Awhile back I wrote a post detailing some of the phrases and teaching strategies I would like to see banned from our nation's math classrooms. There are always little things that make me wonder why a teacher chose a certain strategy ("When you multiply by 1 it stays the same because 1 looks like a mirror, so it reflects back the number." Do you think that kids couldn't reason out why multiplying by 1 doesn't change the value?). But there's been a big one coming up lately that's kind of been driving me out of my mind.

"Reducing" Fractions
I understand why we say reduce, especially when accompanied by the phrase "to its simplest form," but I what do you think of when you think of something being reduced? You think of something lessening, you think of it having not as high of a value, you think of it not amounting to as much as it originally did, etc. Kids in the US have a lot of trouble with fractions, particularly with the concept that fractions represent a specific type of comparison of a part to a whole. When one 'reduces' a fraction, an important conceptual aspect is that even though the numerator and denominator change in a way that lessens their respective values, the fraction as a whole does not change in value at all. To say that a "reduced" fraction is equivalent to its original form is kind of an oxymoron--I'd love to see a sale where the reduced prices are equivalent to the original prices. When we use the word "reduced," are we surprised that kids don't understand fraction equivalence?

So what's the better option?
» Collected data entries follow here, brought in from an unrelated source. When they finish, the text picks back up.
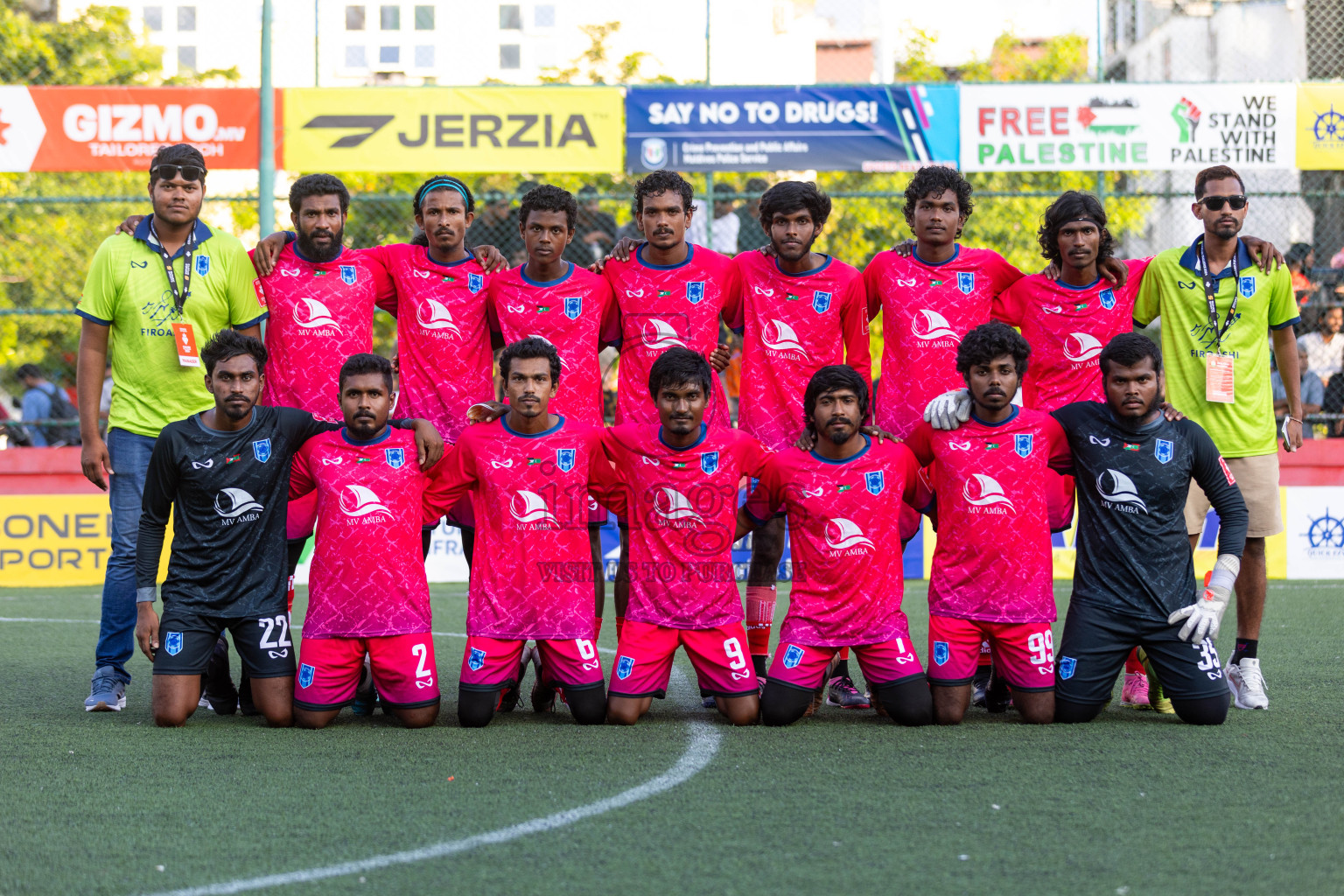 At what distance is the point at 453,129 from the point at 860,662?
7.44 metres

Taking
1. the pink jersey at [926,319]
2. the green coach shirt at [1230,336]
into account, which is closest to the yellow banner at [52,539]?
the pink jersey at [926,319]

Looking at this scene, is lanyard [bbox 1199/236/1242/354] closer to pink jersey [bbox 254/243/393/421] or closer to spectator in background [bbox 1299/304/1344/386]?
pink jersey [bbox 254/243/393/421]

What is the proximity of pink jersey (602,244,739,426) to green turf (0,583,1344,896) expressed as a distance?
1.35m

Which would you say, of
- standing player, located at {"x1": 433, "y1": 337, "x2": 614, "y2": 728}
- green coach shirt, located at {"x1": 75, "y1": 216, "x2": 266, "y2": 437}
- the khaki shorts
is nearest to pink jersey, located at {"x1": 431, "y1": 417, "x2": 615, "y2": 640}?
standing player, located at {"x1": 433, "y1": 337, "x2": 614, "y2": 728}

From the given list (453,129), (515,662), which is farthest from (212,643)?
(453,129)

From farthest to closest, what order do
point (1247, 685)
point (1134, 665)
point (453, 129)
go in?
point (453, 129), point (1134, 665), point (1247, 685)

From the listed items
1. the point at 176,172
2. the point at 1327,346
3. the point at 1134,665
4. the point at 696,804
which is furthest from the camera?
the point at 1327,346

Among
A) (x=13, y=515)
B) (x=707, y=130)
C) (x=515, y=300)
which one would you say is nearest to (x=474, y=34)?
(x=707, y=130)

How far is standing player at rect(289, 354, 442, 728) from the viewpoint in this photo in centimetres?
539

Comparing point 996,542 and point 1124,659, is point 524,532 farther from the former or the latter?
→ point 1124,659

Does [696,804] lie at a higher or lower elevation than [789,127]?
lower

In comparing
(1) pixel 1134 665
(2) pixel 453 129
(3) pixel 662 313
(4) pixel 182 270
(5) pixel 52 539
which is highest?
(2) pixel 453 129

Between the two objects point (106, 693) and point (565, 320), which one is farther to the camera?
point (565, 320)

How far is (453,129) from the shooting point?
Result: 11.5 metres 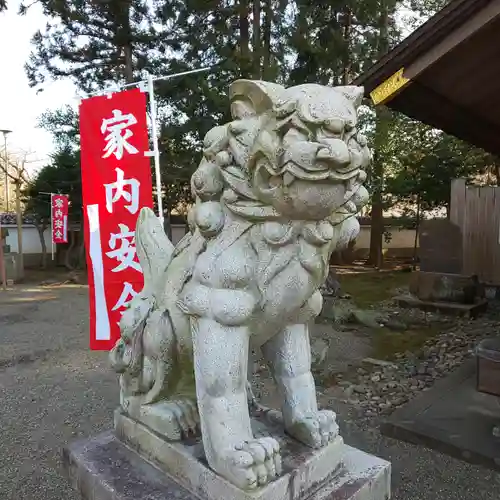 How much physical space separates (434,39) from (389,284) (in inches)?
266

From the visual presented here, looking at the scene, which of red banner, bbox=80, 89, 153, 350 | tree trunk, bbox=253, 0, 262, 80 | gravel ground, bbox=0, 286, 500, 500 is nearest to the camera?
gravel ground, bbox=0, 286, 500, 500

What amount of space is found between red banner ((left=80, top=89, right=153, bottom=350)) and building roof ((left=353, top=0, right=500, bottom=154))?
1532 mm

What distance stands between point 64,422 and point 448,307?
4.81m

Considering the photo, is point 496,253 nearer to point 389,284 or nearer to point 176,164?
point 389,284

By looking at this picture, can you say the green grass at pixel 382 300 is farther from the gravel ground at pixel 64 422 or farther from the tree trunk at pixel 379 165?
the tree trunk at pixel 379 165

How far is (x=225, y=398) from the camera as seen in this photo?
1155 millimetres

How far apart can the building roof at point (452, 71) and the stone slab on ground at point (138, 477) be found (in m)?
2.33

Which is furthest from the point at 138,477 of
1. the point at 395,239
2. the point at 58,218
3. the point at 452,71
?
the point at 395,239

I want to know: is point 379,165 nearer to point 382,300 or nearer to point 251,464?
point 382,300

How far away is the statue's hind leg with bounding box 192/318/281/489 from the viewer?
3.72 feet

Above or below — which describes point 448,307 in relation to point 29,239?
below

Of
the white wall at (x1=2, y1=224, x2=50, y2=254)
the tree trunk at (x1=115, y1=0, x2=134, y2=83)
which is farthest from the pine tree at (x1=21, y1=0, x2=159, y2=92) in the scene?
the white wall at (x1=2, y1=224, x2=50, y2=254)

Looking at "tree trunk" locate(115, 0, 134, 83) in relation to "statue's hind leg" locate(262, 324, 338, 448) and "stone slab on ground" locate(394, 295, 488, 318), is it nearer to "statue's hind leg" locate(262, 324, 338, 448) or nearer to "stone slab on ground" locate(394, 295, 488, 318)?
"stone slab on ground" locate(394, 295, 488, 318)

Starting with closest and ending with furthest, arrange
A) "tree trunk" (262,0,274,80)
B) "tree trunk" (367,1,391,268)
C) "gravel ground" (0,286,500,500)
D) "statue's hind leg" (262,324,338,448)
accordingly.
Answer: "statue's hind leg" (262,324,338,448), "gravel ground" (0,286,500,500), "tree trunk" (262,0,274,80), "tree trunk" (367,1,391,268) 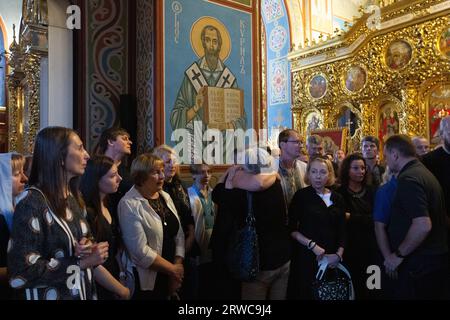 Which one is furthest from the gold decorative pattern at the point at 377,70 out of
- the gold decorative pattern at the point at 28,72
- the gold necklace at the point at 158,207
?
the gold necklace at the point at 158,207

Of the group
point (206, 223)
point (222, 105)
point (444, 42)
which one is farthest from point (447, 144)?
point (444, 42)

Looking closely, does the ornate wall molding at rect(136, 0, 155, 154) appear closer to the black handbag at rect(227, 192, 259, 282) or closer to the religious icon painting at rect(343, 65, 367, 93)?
the black handbag at rect(227, 192, 259, 282)

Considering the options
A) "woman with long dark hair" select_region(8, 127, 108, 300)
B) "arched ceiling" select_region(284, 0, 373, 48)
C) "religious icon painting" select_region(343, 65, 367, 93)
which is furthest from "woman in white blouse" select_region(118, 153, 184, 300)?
"arched ceiling" select_region(284, 0, 373, 48)

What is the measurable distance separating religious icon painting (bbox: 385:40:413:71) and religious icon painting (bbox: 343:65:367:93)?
0.72m

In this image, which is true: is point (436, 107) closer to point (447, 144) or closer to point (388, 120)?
point (388, 120)

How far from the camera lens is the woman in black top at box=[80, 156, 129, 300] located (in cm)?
238

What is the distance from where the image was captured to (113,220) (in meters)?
2.63

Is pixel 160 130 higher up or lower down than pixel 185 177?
higher up

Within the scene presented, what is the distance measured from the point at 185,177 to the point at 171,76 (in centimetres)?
108

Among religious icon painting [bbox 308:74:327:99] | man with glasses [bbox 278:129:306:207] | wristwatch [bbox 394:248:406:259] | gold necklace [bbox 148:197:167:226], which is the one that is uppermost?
religious icon painting [bbox 308:74:327:99]

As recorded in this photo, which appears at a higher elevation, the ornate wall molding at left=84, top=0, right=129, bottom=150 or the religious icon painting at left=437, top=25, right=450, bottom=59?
the religious icon painting at left=437, top=25, right=450, bottom=59

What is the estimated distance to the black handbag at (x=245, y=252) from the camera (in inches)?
107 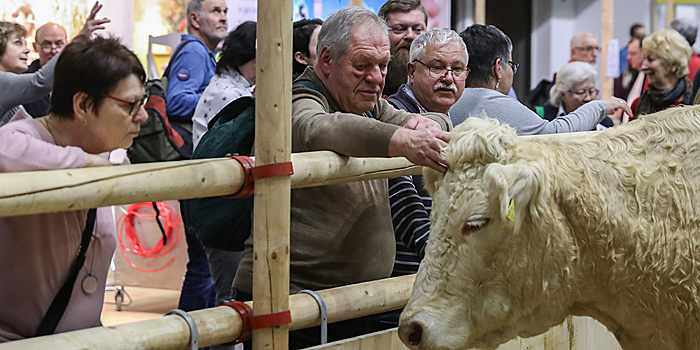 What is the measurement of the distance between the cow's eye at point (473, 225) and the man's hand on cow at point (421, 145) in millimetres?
164

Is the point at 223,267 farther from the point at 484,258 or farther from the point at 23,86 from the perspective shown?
the point at 484,258

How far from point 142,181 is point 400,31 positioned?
2.36m

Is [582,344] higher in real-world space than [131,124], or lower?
lower

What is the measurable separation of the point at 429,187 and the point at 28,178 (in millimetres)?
1032

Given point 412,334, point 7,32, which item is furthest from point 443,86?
point 7,32

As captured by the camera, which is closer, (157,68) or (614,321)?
(614,321)

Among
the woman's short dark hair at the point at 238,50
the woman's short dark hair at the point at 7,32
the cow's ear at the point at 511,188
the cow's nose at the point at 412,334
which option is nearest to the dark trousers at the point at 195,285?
the woman's short dark hair at the point at 238,50

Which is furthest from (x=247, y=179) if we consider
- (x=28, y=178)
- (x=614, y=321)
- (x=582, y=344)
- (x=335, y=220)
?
(x=582, y=344)

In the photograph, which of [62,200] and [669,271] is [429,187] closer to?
[669,271]

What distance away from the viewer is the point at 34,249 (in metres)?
1.89

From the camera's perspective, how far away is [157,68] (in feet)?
21.6

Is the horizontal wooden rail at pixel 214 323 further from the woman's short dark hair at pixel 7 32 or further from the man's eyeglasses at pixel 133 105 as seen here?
the woman's short dark hair at pixel 7 32

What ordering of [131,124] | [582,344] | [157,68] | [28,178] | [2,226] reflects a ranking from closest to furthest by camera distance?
[28,178] → [2,226] → [131,124] → [582,344] → [157,68]

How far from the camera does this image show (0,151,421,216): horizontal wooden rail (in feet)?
5.12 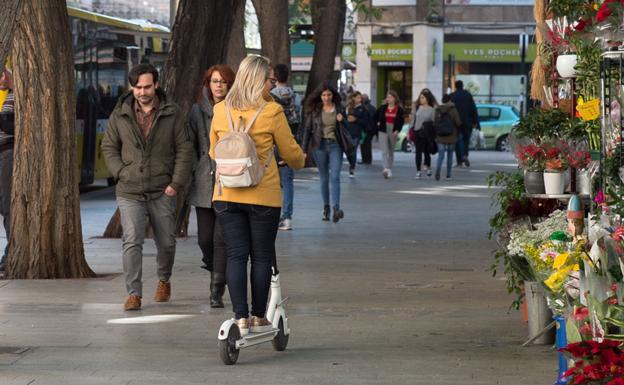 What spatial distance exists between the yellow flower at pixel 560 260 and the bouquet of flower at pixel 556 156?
2394 mm

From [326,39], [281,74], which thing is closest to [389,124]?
[326,39]

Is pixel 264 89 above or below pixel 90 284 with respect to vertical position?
above

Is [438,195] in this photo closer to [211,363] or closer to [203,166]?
[203,166]

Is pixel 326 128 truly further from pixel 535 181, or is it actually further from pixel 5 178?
pixel 535 181

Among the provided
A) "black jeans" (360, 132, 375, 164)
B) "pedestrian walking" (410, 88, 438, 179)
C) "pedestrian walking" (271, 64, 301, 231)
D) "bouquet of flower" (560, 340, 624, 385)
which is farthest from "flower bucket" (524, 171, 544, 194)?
"black jeans" (360, 132, 375, 164)

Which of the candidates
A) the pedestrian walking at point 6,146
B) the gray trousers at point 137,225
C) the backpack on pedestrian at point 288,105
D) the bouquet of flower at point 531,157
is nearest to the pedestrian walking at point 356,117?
the backpack on pedestrian at point 288,105

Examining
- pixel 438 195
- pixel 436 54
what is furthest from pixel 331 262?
pixel 436 54

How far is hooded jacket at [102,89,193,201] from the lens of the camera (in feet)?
34.8

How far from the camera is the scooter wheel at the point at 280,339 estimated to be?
884cm

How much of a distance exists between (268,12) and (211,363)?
67.4 ft

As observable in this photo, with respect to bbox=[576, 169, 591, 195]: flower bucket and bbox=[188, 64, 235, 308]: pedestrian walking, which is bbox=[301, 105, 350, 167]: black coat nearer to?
bbox=[188, 64, 235, 308]: pedestrian walking

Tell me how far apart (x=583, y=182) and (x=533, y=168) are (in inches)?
15.9

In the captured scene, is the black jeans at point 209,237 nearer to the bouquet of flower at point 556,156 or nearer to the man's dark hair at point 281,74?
the bouquet of flower at point 556,156

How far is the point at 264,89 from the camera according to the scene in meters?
8.75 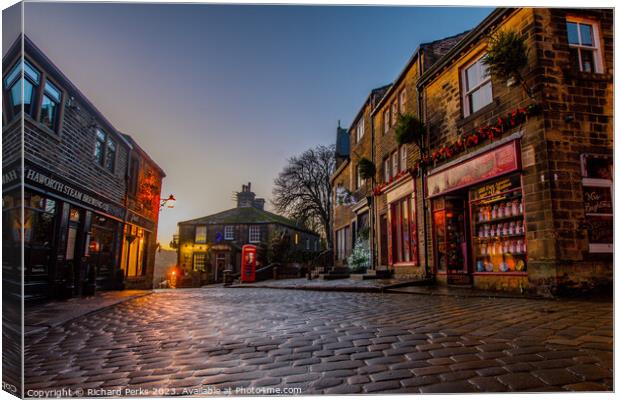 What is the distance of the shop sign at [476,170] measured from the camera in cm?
689

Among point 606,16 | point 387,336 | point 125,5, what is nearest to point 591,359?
point 387,336

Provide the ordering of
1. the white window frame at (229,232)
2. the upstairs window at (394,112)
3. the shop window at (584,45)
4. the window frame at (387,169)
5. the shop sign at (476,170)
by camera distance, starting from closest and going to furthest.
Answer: the shop window at (584,45) < the shop sign at (476,170) < the upstairs window at (394,112) < the window frame at (387,169) < the white window frame at (229,232)

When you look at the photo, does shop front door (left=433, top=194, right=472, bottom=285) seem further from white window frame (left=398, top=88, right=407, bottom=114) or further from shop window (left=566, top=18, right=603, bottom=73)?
shop window (left=566, top=18, right=603, bottom=73)

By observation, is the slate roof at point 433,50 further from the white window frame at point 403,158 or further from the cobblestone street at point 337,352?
the cobblestone street at point 337,352

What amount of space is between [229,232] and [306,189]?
17852 millimetres

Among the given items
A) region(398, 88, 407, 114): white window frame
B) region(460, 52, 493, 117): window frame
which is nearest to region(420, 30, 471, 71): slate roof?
region(398, 88, 407, 114): white window frame

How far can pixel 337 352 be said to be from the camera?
8.81 feet

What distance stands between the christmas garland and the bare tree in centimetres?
253

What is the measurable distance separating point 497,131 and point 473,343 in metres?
5.43

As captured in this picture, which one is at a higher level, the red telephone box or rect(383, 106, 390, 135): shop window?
rect(383, 106, 390, 135): shop window

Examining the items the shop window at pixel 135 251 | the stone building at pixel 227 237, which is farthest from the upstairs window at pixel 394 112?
the stone building at pixel 227 237

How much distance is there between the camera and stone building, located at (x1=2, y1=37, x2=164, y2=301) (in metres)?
1.96

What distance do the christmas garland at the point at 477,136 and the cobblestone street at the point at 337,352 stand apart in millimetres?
3304

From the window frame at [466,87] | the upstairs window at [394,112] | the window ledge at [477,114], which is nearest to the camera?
the window ledge at [477,114] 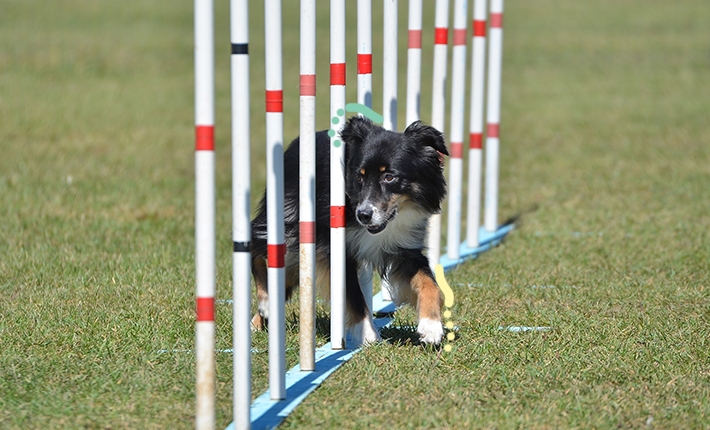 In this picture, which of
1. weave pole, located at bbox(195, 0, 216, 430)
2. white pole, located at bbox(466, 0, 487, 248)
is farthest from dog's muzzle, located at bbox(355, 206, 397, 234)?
white pole, located at bbox(466, 0, 487, 248)

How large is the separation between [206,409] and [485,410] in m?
1.15

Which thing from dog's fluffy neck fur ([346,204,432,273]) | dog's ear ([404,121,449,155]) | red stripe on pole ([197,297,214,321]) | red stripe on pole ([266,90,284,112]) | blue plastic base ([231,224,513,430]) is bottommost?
blue plastic base ([231,224,513,430])

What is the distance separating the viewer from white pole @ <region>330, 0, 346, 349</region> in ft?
13.2

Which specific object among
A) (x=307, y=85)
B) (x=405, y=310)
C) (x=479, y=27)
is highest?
(x=479, y=27)

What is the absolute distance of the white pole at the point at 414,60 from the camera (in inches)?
207

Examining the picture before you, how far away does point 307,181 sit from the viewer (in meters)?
3.94

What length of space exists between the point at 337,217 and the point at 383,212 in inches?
11.4

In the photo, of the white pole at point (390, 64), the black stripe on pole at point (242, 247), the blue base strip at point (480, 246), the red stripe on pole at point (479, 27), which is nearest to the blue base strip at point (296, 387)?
the black stripe on pole at point (242, 247)

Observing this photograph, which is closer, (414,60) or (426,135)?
(426,135)

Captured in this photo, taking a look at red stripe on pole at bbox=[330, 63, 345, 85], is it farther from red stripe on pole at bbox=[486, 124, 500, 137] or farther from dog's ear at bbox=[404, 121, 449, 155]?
red stripe on pole at bbox=[486, 124, 500, 137]

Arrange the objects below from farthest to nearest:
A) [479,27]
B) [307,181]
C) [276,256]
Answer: [479,27] < [307,181] < [276,256]

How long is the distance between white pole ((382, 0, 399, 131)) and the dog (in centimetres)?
31

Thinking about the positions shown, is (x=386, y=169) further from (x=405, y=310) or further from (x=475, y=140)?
(x=475, y=140)

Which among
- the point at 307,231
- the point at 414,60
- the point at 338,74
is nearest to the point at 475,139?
the point at 414,60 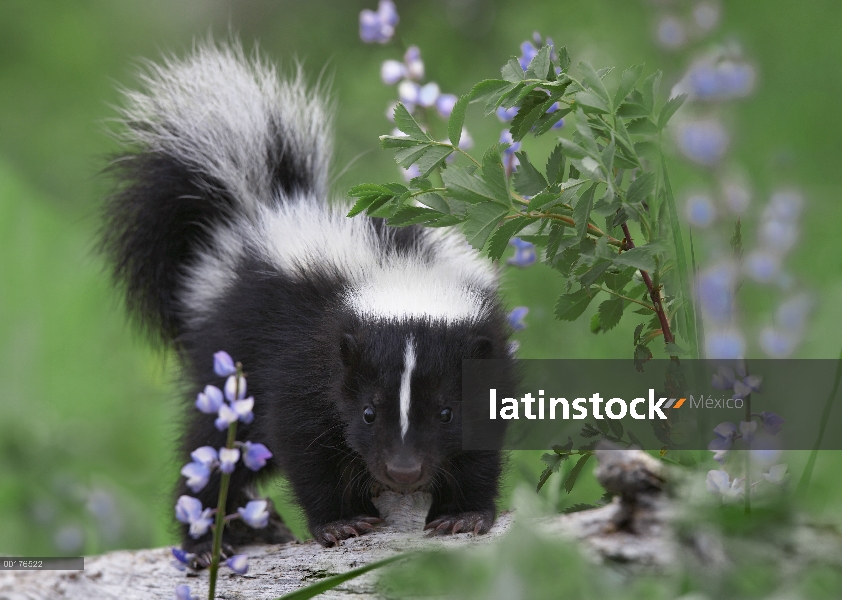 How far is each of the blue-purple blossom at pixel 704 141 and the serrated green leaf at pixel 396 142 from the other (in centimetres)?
71

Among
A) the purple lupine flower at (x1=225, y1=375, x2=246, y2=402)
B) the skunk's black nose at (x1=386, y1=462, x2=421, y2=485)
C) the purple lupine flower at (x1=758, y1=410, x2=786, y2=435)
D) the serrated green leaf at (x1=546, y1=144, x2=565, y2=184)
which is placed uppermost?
the serrated green leaf at (x1=546, y1=144, x2=565, y2=184)

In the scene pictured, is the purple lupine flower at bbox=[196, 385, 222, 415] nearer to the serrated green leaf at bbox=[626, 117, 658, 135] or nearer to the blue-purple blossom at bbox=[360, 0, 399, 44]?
the serrated green leaf at bbox=[626, 117, 658, 135]

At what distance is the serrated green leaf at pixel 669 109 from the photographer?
240 centimetres

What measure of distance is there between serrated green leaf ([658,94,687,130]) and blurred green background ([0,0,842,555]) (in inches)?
11.3

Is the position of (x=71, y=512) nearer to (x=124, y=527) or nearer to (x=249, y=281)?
(x=124, y=527)

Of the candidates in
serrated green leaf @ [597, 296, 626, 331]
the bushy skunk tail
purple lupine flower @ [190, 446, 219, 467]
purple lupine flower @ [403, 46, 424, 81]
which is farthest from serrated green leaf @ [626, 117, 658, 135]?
the bushy skunk tail

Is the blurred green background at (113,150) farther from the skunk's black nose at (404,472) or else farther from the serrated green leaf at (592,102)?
the skunk's black nose at (404,472)

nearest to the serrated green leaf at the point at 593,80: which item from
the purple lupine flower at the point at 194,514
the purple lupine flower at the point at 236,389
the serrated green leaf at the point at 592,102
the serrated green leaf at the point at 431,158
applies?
the serrated green leaf at the point at 592,102

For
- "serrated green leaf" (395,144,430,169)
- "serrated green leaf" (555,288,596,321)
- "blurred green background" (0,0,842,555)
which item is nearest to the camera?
"serrated green leaf" (395,144,430,169)

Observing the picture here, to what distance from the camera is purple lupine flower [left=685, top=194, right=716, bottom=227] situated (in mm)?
2535

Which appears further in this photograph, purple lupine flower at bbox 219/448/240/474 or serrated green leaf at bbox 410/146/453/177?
serrated green leaf at bbox 410/146/453/177

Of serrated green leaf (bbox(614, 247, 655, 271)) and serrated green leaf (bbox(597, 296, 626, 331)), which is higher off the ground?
serrated green leaf (bbox(614, 247, 655, 271))

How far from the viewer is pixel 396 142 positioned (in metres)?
2.61

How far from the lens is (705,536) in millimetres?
1789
Simplify. I love this word for a few reasons. First, it's preferable to "reduced" because it makes sense that a simplified version of something still has the same meaning/value as the original--now it's just in an easier-to-understand form. Second, I want kids/people to realize that any value can be represented in infinite ways, but we prefer some ways because they are easier to work with, compare, interpret, manipulate, or use in a given situation. Would you want to go to a restaurant where a sandwich cost $1-3^(0!)+300/(4x10)? Mathematically, there's nothing wrong with that price; realistically and emotionally, it's just annoying. If we simplify the price (not reduce because the restaurant still wants the same amount of money), we get a value that's more useful for our brains because the simplified value is easier to compare to what we already know about sandwich prices. Is  $1-3^(0!)+300/(4x10) expensive? Cheap? I have no idea until I simplify it to a value that looks like the other values I could compare it to. It's the same reason why we change the form (not the value) of a fraction when we need to add it to another fraction, or why we sometimes factor a quadratic into a binomial and sometimes multiply a binomal into a quadratic, or why we convert linear equations into slope-intercept form. Math is only useful if we can make meaning from it, so we manipulate values, expressions, and data sets until we can mold them into something that makes the meaning easier to find. We're not reducing anything when we rewrite 32/40 as 4/5; we're simplifying it into an equivalent form that's more useful.

3 comments:

Avery Pickford said...

The use of 'reduce' is also a pet peeve of mine, but I'm not sure simplify is much better. 4/12 sure seems simpler than 1/3 if I need to add 5/12 to it. And why is 3/20 necessarily simpler than 15/100? Because the numbers are smaller? What about 1.5/10? I really wonder how much of this is a result of standardized testing.

Geetha said...

Do standardized tests say "reduce to lowest terms"? Ew.

Sue VanHattum said...

I like simplified better, too. And I like simplest form. May be terribly traditional of me...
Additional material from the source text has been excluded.